Head coach Jim Harbaugh is headed back to the NFL.
Less than three weeks after leading the Michigan Wolverines to the program’s first national championship since 1997, Harbaugh is leaving his alma mater to become the head coach of the Los Angeles Chargers. The team went 5-12 this past season.
ladies and gentlemen, we got him.
— Los Angeles Chargers (@chargers) January 25, 2024
“Jim Harbaugh is football personified, and I can think of no one better to lead the Chargers forward,” Chargers Owner and Chairman of the Board Dean Spanos said, according to the team’s official site.

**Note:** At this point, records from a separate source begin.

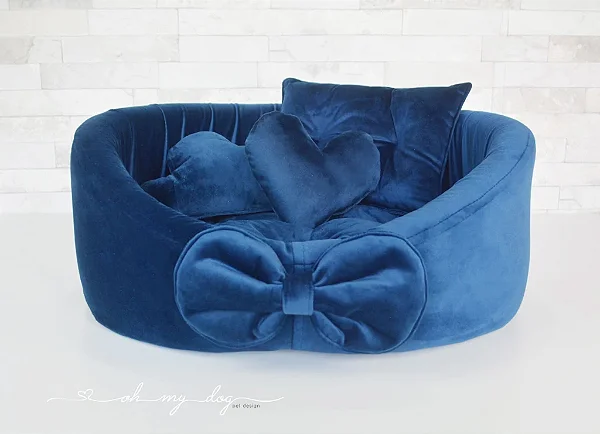 Cama Europa Veludo Azul- Oh My Dog
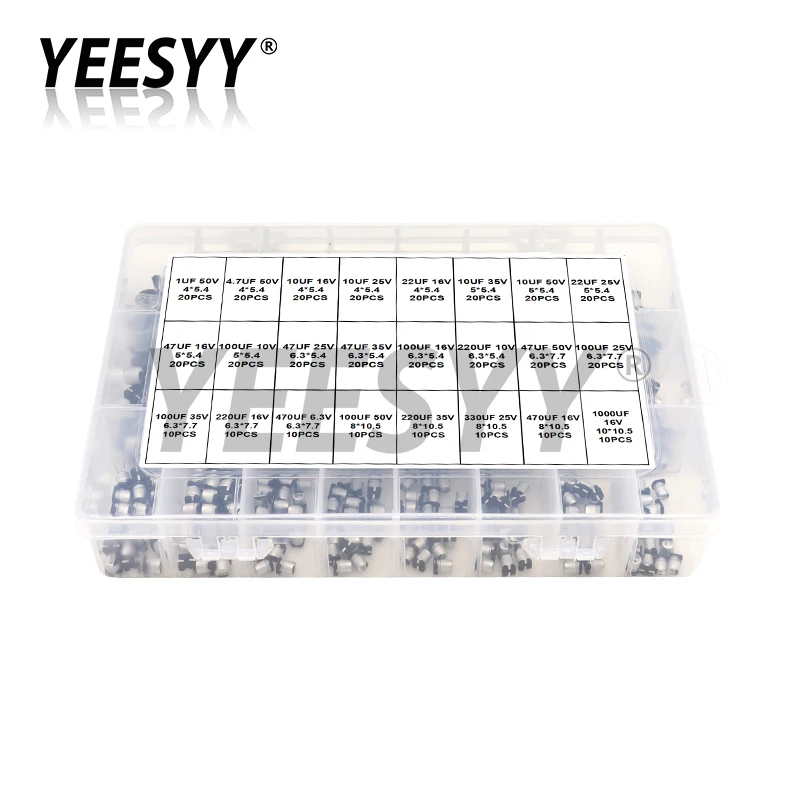 

400pcs SMD Aluminum Electrolytic Capacitor Assortment Kit 24Values 1UF-1000UF 6.3V-50V Capacitance Sample Set with box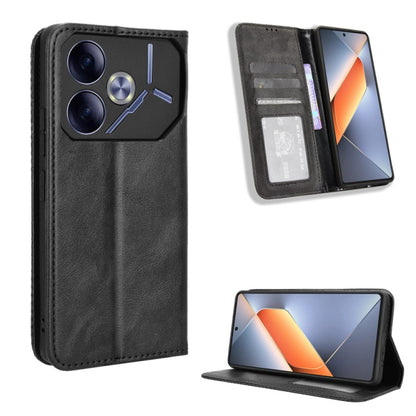Dark gray magnetic buckle leather phone case with flap, card slot, and stand view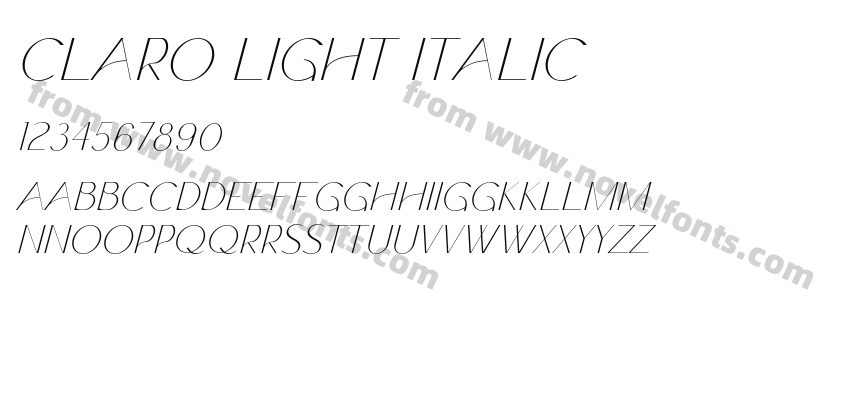 Claro Light ItalicPreview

This is the second time Harbaugh has jumped from coaching college to professional football. He left Stanford for the San Francisco 49ers in January 2011, four days after winning the Orange Bowl with the Cardinal. In his four seasons in San Fran, he led the 49ers to three straight seasons with at least 11 wins and to Super Bowl XLVII (where he lost to his brother, John, and the Baltimore Ravens).
Following an 8-8 season with the 49ers in 2014, the sides parted ways and Harbaugh answered the call to be the head coach at Michigan, the place it all began for him as a quarterback from 1982-86.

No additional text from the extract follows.